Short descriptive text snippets
_ _ _
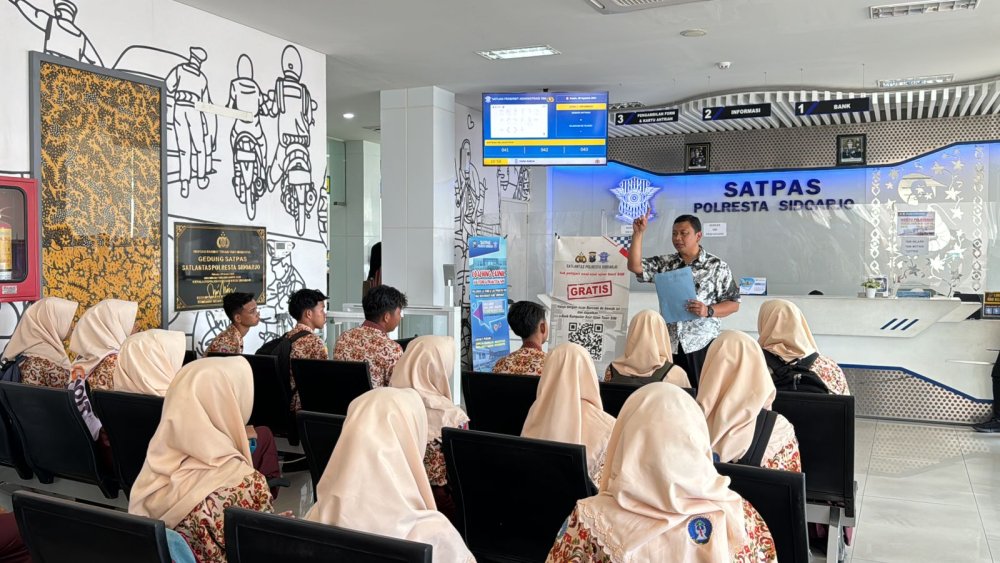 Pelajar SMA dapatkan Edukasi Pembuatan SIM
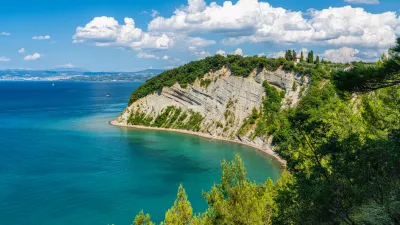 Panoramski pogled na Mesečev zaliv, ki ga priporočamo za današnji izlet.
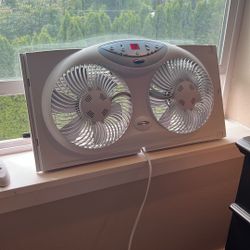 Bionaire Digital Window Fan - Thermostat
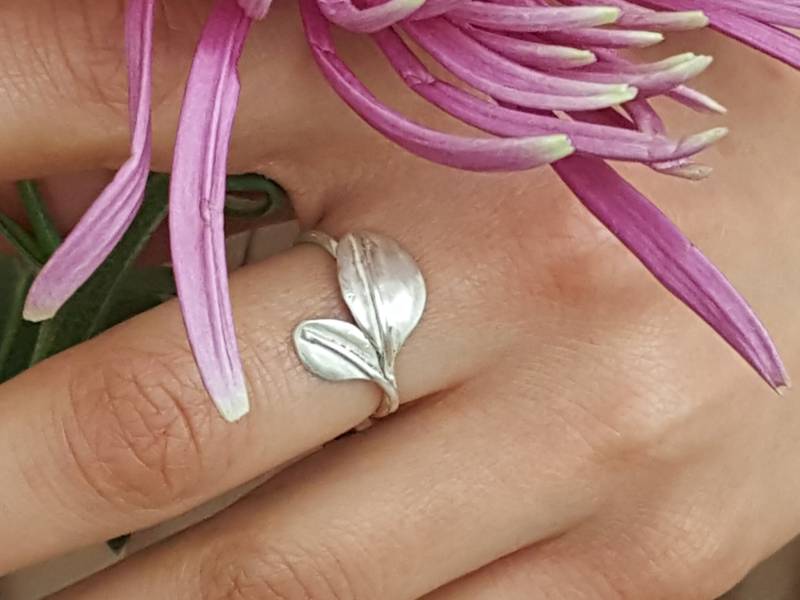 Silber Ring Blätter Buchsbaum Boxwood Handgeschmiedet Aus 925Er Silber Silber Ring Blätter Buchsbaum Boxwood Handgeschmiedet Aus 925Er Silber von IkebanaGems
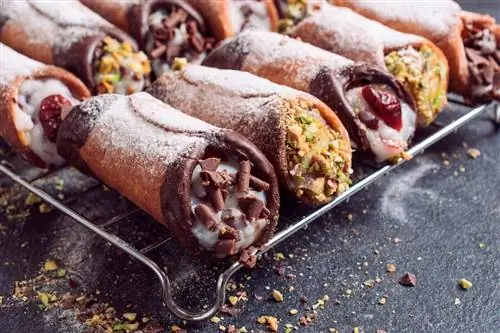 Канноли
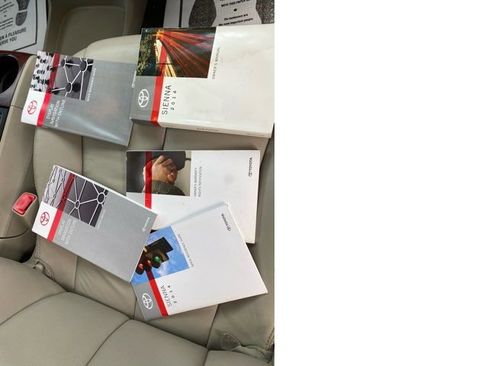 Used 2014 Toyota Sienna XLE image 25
_ _ _
Could you retype every record above exactly, leaving the pictures out?

| Exercise response |
 Pelajar SMA dapatkan Edukasi Pembuatan SIM
 Panoramski pogled na Mesečev zaliv, ki ga priporočamo za današnji izlet.
 Bionaire Digital Window Fan - Thermostat
 Silber Ring Blätter Buchsbaum Boxwood Handgeschmiedet Aus 925Er Silber Silber Ring Blätter Buchsbaum Boxwood Handgeschmiedet Aus 925Er Silber von IkebanaGems
 Канноли
 Used 2014 Toyota Sienna XLE image 25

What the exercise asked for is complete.